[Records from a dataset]
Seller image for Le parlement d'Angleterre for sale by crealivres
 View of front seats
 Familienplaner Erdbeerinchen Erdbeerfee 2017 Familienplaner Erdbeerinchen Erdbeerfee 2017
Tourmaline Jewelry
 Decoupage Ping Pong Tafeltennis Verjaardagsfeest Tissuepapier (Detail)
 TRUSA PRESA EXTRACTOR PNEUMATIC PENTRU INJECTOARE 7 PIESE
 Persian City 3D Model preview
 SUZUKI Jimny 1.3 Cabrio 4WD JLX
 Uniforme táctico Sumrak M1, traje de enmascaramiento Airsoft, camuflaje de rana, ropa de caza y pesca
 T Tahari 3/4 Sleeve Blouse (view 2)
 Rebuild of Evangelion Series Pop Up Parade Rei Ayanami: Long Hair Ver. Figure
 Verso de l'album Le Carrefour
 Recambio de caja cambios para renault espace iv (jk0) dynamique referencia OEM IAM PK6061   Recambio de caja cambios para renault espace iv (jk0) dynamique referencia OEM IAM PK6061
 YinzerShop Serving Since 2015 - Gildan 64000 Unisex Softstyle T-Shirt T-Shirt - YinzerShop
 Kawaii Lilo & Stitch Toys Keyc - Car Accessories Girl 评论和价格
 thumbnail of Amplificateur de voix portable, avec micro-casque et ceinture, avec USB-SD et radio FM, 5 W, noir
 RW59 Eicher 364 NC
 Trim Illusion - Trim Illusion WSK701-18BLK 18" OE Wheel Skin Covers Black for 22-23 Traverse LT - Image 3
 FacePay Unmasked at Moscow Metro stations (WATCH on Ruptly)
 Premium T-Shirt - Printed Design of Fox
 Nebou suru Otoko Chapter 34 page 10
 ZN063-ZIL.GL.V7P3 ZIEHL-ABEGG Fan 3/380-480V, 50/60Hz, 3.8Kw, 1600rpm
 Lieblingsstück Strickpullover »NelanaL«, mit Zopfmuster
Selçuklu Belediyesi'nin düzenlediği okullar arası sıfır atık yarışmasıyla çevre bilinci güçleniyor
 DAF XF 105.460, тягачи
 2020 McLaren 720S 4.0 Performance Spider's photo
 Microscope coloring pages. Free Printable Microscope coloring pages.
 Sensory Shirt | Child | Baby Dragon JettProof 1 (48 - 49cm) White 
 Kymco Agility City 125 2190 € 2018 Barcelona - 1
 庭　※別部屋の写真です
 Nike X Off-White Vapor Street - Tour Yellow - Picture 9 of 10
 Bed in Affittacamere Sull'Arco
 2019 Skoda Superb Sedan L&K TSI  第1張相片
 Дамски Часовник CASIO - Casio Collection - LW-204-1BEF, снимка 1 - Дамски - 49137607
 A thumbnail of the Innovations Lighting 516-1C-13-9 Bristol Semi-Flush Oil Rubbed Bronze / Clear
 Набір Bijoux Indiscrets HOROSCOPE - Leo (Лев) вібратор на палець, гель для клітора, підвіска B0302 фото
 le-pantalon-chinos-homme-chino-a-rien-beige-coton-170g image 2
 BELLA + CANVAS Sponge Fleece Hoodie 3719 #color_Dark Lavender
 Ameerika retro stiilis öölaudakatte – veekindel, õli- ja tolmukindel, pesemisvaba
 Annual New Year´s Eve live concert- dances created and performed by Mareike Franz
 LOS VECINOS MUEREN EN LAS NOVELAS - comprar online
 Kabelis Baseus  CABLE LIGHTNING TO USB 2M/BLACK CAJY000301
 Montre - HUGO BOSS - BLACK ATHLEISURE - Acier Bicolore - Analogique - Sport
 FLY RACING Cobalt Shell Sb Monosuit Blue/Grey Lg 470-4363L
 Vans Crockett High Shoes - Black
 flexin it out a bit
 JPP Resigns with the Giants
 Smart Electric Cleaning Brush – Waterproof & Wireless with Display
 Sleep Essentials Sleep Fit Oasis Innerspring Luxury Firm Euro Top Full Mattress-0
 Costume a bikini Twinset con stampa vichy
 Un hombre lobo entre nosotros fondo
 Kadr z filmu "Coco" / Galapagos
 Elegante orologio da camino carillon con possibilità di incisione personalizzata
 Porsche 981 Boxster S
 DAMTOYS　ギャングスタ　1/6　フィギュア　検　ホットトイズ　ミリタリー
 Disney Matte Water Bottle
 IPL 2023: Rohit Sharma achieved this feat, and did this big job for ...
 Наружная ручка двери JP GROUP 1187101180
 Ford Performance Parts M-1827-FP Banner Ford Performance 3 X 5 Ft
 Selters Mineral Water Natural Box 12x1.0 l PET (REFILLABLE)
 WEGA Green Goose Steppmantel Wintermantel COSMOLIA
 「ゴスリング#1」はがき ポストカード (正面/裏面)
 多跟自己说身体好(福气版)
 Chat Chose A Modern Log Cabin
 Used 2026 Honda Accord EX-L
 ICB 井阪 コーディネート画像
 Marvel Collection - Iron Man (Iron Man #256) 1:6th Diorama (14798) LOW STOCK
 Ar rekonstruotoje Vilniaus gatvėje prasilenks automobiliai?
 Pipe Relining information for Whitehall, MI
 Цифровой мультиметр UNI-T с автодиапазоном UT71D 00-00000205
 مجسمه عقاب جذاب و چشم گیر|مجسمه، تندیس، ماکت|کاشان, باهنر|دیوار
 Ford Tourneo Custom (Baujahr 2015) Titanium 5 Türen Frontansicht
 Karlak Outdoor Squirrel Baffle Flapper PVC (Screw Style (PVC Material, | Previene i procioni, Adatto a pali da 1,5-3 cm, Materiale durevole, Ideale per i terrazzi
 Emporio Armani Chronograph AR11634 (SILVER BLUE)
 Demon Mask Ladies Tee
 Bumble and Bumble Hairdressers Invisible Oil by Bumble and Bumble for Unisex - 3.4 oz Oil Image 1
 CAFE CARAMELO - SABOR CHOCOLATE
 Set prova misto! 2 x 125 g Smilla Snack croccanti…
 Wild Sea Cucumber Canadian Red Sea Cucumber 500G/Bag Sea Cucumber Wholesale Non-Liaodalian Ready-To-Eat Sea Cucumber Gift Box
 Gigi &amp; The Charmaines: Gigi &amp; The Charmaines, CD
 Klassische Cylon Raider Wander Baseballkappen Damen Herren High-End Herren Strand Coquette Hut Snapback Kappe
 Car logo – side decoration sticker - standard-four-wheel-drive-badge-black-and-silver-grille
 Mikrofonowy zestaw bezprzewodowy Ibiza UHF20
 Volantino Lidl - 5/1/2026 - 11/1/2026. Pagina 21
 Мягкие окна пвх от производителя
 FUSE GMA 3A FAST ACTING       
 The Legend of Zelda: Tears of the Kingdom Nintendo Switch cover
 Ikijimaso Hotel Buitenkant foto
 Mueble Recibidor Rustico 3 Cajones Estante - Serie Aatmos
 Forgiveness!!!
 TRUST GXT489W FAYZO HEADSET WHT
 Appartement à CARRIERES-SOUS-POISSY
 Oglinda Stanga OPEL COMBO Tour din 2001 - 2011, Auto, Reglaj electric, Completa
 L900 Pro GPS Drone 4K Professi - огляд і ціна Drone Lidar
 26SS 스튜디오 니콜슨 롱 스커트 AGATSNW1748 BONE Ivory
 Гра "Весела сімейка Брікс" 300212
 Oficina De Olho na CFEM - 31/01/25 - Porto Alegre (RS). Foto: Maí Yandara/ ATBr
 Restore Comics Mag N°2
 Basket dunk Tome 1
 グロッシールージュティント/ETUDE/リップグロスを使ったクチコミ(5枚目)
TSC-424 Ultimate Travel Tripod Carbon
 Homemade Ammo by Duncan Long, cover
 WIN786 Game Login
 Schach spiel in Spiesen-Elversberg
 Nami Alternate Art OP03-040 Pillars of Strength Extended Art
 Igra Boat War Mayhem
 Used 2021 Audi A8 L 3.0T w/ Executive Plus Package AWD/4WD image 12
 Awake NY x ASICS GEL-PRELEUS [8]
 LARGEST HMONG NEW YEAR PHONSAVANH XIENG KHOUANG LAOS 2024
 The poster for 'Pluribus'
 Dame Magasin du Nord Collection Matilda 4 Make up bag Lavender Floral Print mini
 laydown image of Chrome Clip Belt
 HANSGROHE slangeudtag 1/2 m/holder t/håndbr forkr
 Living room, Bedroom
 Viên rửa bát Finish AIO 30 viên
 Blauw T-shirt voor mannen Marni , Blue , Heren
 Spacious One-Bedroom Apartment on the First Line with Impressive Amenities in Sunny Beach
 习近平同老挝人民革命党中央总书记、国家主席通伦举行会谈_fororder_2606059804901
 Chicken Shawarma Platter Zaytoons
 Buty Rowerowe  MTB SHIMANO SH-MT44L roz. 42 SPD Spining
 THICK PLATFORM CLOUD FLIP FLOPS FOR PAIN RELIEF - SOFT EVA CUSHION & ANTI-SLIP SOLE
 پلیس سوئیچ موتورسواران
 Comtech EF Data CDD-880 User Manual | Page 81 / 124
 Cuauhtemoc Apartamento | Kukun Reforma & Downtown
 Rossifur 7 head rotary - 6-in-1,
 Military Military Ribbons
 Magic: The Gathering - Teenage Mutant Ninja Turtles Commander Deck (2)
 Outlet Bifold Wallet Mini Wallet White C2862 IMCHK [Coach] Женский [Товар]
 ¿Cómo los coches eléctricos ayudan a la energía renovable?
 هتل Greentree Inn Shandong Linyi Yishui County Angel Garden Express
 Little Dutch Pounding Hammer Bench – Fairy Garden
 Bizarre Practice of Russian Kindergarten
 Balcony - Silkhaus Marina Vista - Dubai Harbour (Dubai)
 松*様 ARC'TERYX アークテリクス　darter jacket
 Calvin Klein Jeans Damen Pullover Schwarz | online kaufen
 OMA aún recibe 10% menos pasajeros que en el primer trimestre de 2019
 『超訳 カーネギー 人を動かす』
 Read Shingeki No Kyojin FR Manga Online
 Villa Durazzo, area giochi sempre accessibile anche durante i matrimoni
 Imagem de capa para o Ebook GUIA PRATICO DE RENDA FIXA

### [EXERCISE INSTRUCTIONS]
The required output is the entries from their opening line through the line holding "Tourmaline Jewelry", repeated exactly, with both end lines kept.

### [TASK ANSWER]
Seller image for Le parlement d'Angleterre for sale by crealivres
 View of front seats
 Familienplaner Erdbeerinchen Erdbeerfee 2017 Familienplaner Erdbeerinchen Erdbeerfee 2017
Tourmaline Jewelry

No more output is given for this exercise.